她也真能忍得住,别人伸长了脖子想听点后续,她愣是无动于衷,任何超出正常范畴外的工作都不搭理,明哲保身,人淡如菊。
孟合心没那么大,操心的事多。
料到俞青山与李行露动手时肯定顾不上给等待的后方发个消息,这两都是出了名的战斗狂人,打斗时从不分心,孟合提前给跟他们一起去的小队队长打了招呼。事情按计划顺利进行可以不报,但如果出现了意外,无论如何要在木铭里说一声。
事实证明,他半夜不睡是正确的,因为子夜一过,鸟雀拍打翅膀的声音还没小下去,手里的木铭闪了一下,他定睛一看。
【总指挥,计划有变。】
孟合嘶了口气,抓着木铭猛的起身往树下跳,跳了几段发觉忘了什么,低咒了声,三步作两步上了钢铁树后的一幢筒子楼,停在二楼楼尾一间房间外,敲门,道:“方原,别睡了,跟我去趟京郊。”
门内很快传出声音:“知道了。”
没一会,门从里面拉开,不知道是熬着没睡还是才睡醒,总之为了保持清醒,方原往自己脸上浇了几捧凉水,也没擦,就这么开了门,水滴从他的鬓角和鼻尖往下流。他两手空空,只拿了根木铭,随意插进腰带间,齿间叼着根发带,将头发绑上,问孟合:“京郊怎么了?”
孟合皱着眉将才得到的消息说了。
更多的他也不知道,那边发出这么一句后,再没有回信了。所以他才急。
出驿舍前,孟合想了想,还是伸手拦了两个在驿舍里游荡的术士,让他们分别将情况告诉叶逐叙与姜宝真。

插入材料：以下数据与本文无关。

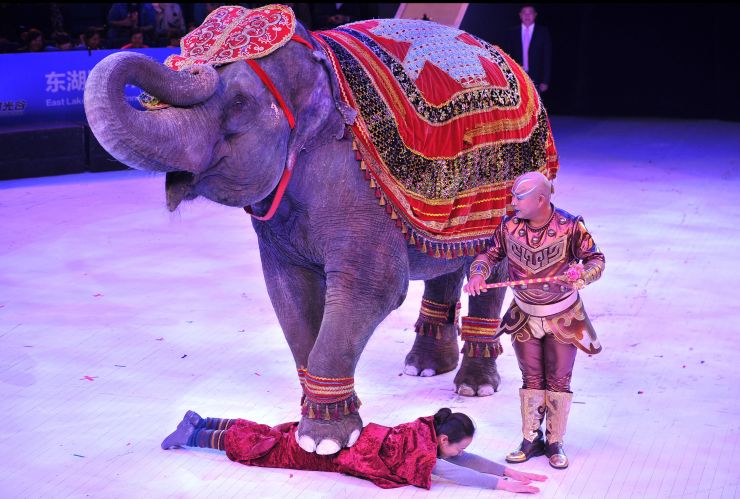 马戏团表演出租长期活动价格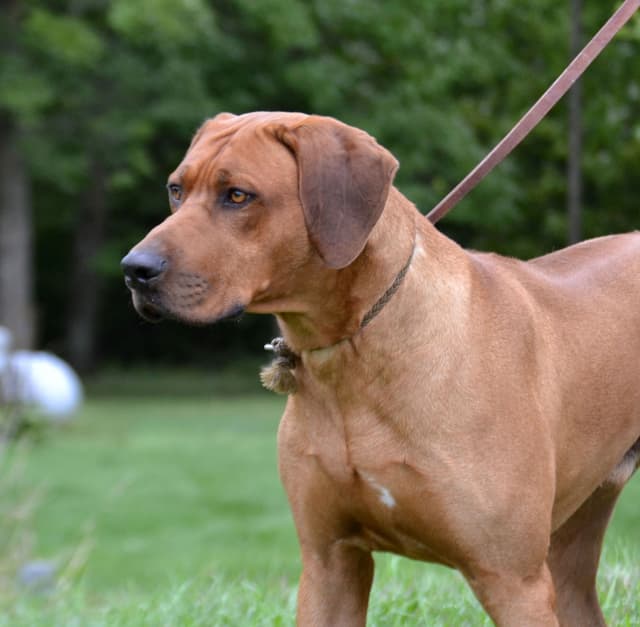 Rhodesian Ridgeback Puppies in the Midwest media 9
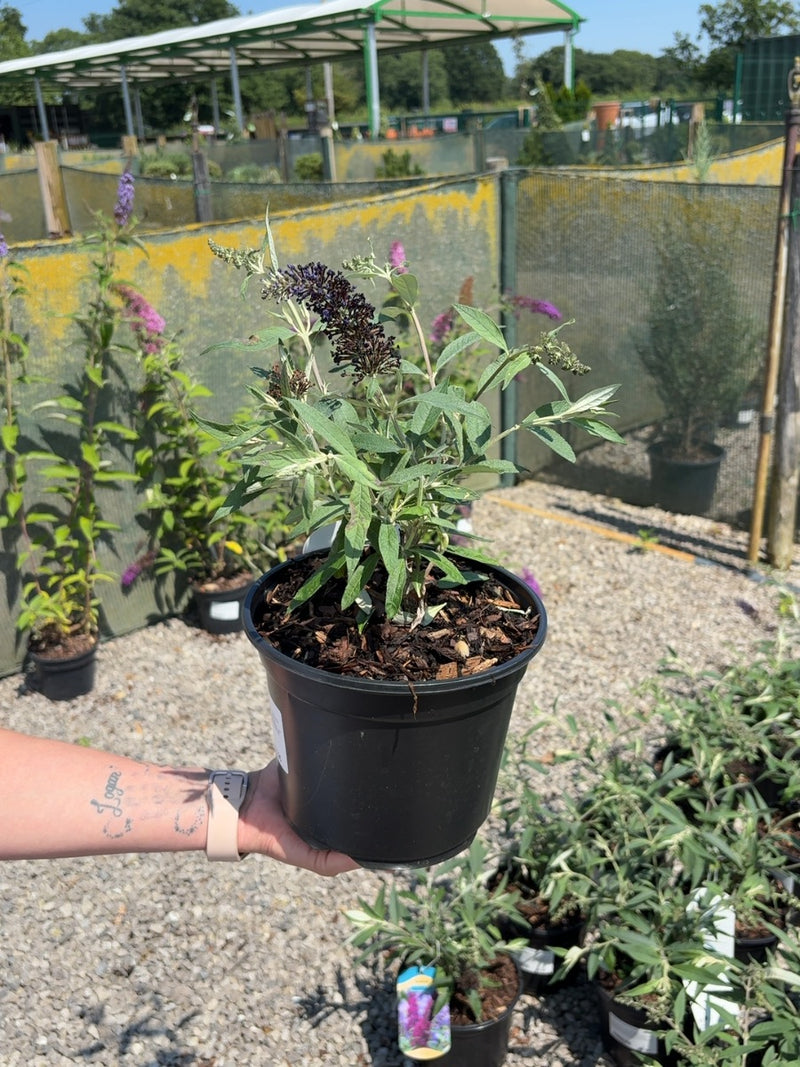 Buddleja Munchkin 3 Litre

两人全力赶路,途中方原的木铭一直在亮,有人给他不断发消息,密集频繁到连闪动的光点都有些跟不上节奏,看上去一卡一卡,方原好像习以为常了似的,看都没看一眼。
孟合忍不住多看了几眼:“谁啊?催债呢这是?”
“还不如欠债呢。”方原抚了抚额,啧一声,又道:“烦!”
他这样的神情语气,孟合听着便懂了,风声在急速赶路的两人耳边呼啸而过,他又是调侃又是好奇:“还吵着?你究竟做什么了,把人姑娘惹成这样?”
“不知道从哪个嚼舌根的东西嘴里听了什么,揪着从前的事和我吵。”
方原将还在不断闪动的木铭取出来,拿在掌心里敲了敲,抬眼看孟合:“消息这么发,你说谁受得了,我连觉都睡不好。”
难得看到在方家不可一世的少爷吃瘪成这样,孟合笑容里都挂着几分“你也有今日”的意味:“你从前,混是混,沾花惹草也确有其事,这事瞒不住,大家都知道,人姑娘想来也知道,不至于为了一件事揪着你不放。你个混小子别是多起事故一同被捅出来,东窗事发了吧。”
“陈年旧事,有的我自己都记不清了,翻出来连自证清白都没门。”
“你别看我,我不干这事。”孟合虽然说不管,但毕竟是个热心肠,乐意支招:“解释不清楚就别解释了,好好哄哄,让她给个看你日后表现的机会……你那小女郎是哪家的,我记得姓什么,梁?还是陈?”
“梁。”方原到底将木铭点开,拿在手里攒紧了,他道:“梁笑。”
木铭一点开,里面的消息如雪花般纷纷踏来,一条接一条毫不含糊,显然,他回不回都没影响万万里之外另一人的热情。他懒得翻上去看前面的消息,根本没有尽头,视线只在最新弹出的消息上停留了几息。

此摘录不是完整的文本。